Signed and dated, lower right: Wilson 1972 

Black pastel on paper 
24 x 19 inches (60.9 x 48.3 cm)


Provenance:

The artist’s estate.

Exhibited:       

“John Wilson: African-American / Mexican Connection,” Delta Arts Center, Winston-Salem, North Carolina, 21 September – 8 November 1997.

The subject of a recent exhibition at the Metropolitan Museum of Art, John Wilson made vivid and powerful works that spoke to his life as a Black American artist. Wilson’s artistic achievements are profoundly intertwined with his commitment to racial and social justice. Working across a variety of media—painting, sculpture, printmaking, and drawing—his art centers and celebrates Black figures. His large format studies offer unique insight into his working process and reveal his exceptional abilities as a draughtsman.

Wilson had been interested in creating a large-scale bronze sculpture of a genderless human head, inspired by Mesoamerican Olmec heads, Rapa Nui sculptures, and Buddhist figures. Roz Springer, a frequent model for the artist and inspiration for the later Eternal Presence of 1987 (Museum of the National Center of Afro-American Art, Roxbury, MA), sat for several drawings in which Wilson intensely investigated and described her head. Using pencil and pastel produce the rich modeling of the head, the figure’s gently hooded eyes, parted lips, and slightly sloped shoulders lend a beautiful gracefulness to the sitter.

Set within an interior, Wilson’s concentration on Roz’s face is anchored by a loosely and energetically sketched body. She is shown seated in a moment of repose, with her hands comfortably clasped.  The artist’s various studies of Roz eventually led to the creation of the monumental sculpture Eternal Presence, which faithfully reproduces, and monumentalizes, the serenity and sculptural universality of the head seen in this drawing.

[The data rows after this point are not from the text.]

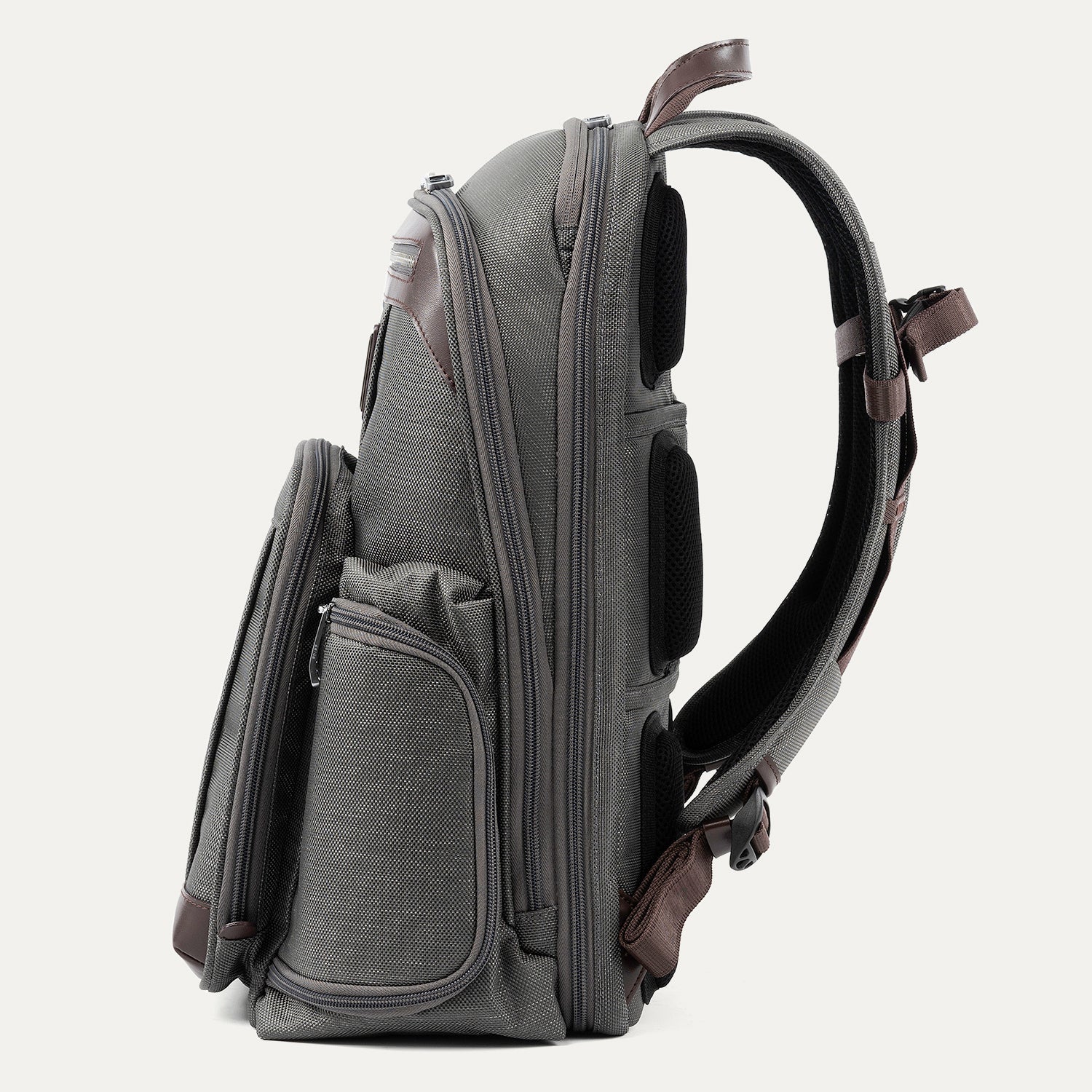 Platinum® Elite Business Backpack - Image 11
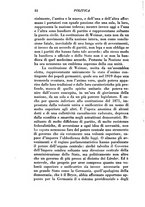 giornale/TO00191183/1928/unico/00000050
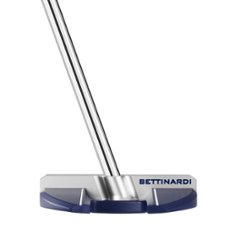 ベティナルディ SB3 2026 ANTIDOTEシリーズ 特注カスタム 日本仕様 ベティナルディ正規品取扱店、保証書発行 BETTINARDI画像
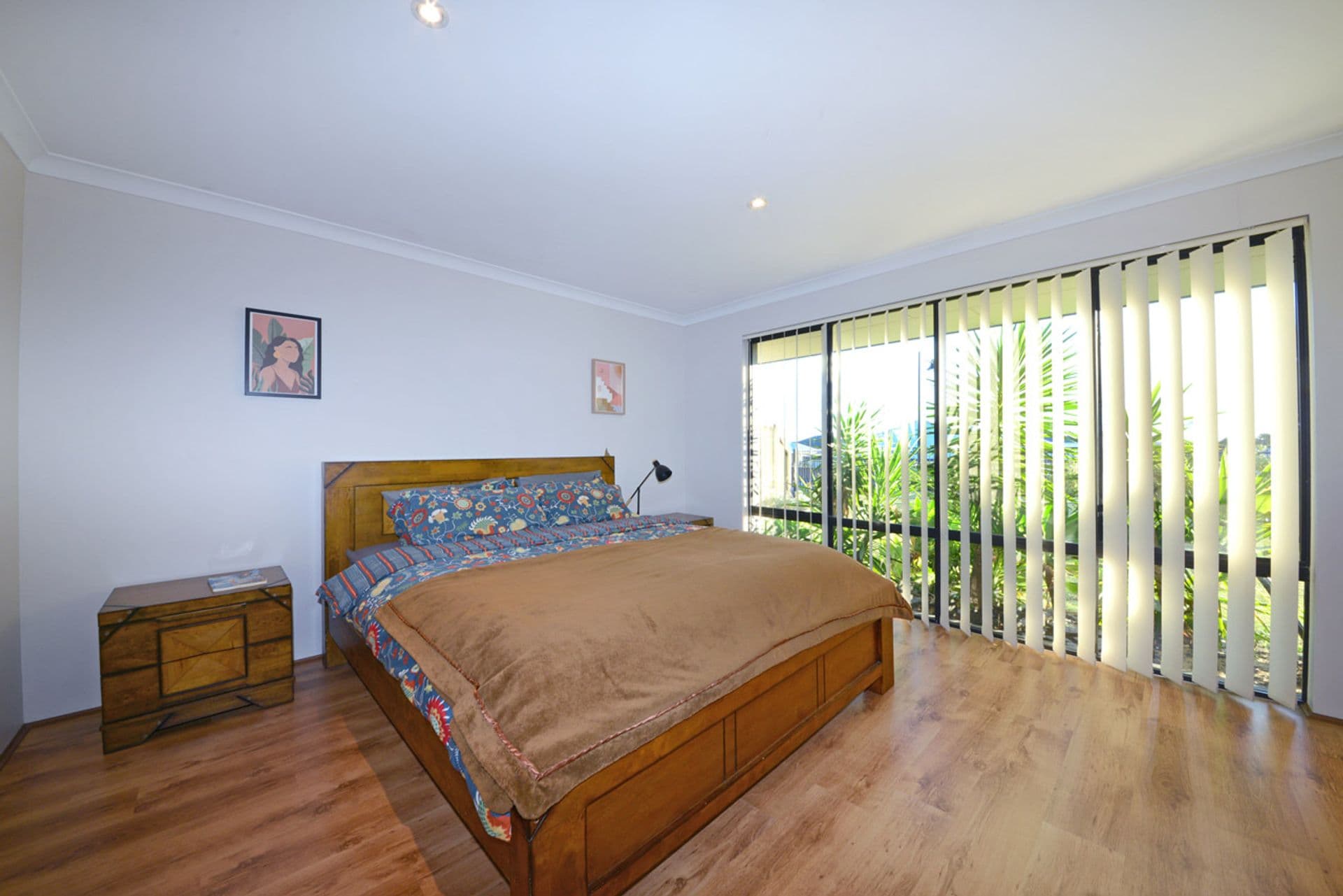 26 Corinda Way, Ridgewood, WA, 6030, Ridgewood - Thumbnail 6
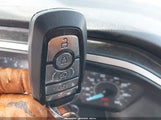 Ford Escape Se 1FMCU0G64NUB85922 снимка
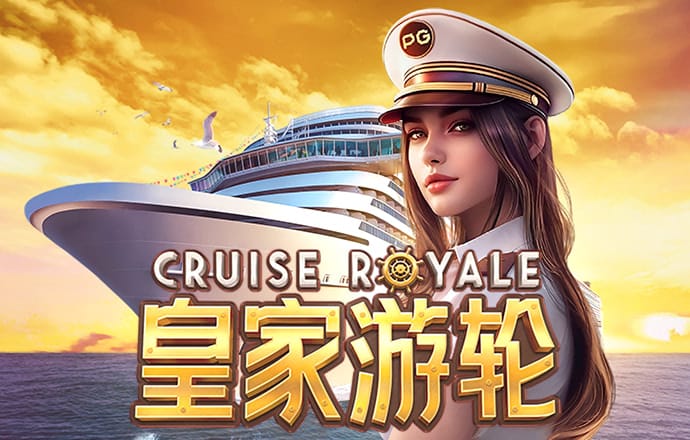 k1体育39152.com棋牌截图4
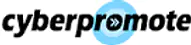 Logo von cyberpromote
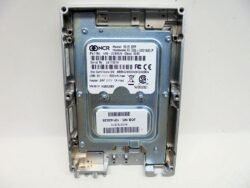 NCR EPP-4 (P) US 3 (ANSI) MODULE ASSY PN: 445-0783574, 4450783574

Originally from Massachusetts, John Wilson’s innate artistic abilities were recognized and nurtured by his teachers at the Roxbury Boys’ Club. His formal artistic education began at the School of the Museum of Fine Arts, Boston and continued in Paris under Fernand Léger and in Mexico City at several institutions, where he studied the pioneering works of the Mexican muralists. These early experiences gave Wilson examples of ways to represent the injustices he observed at home in the United States. After his return, he continued to pursue printmaking as a medium for wide distribution of politically conscious art focused on addressing the violence facing Black Americans. His art also sought to envision a positive future for Black Americans that lived up to the democratic ideals of the country, in addition to representing such figures as “beautiful and true and precious.” During his six-decade career, he taught art at various institutions and exhibited his drawings, paintings and sculptures widely. Wilson is celebrated for his use of dark tones to create an intensely sculptural quality to his drawings and prints which the artist himself described as “carving out space—an illusion of space and a kind of sculptural form—so that I would use values to create a sense of weight and mass.”

Throughout his life, John Wilson created predominantly figurative work that centered on his friends, family, and community. His work derives its immediacy and poignancy from these connections. Wilson’s work was exhibited early in his career at the Metropolitan Museum of Art’s 1950 American Artists Under Thirty-Six. John Wilson is a recipient of many honors and the subject of a recent career retrospective “Witnessing Humanity: The Art of John Wilson” co-curated by the Museum of Fine Arts, Boston and the Metropolitan Museum of Art in New York.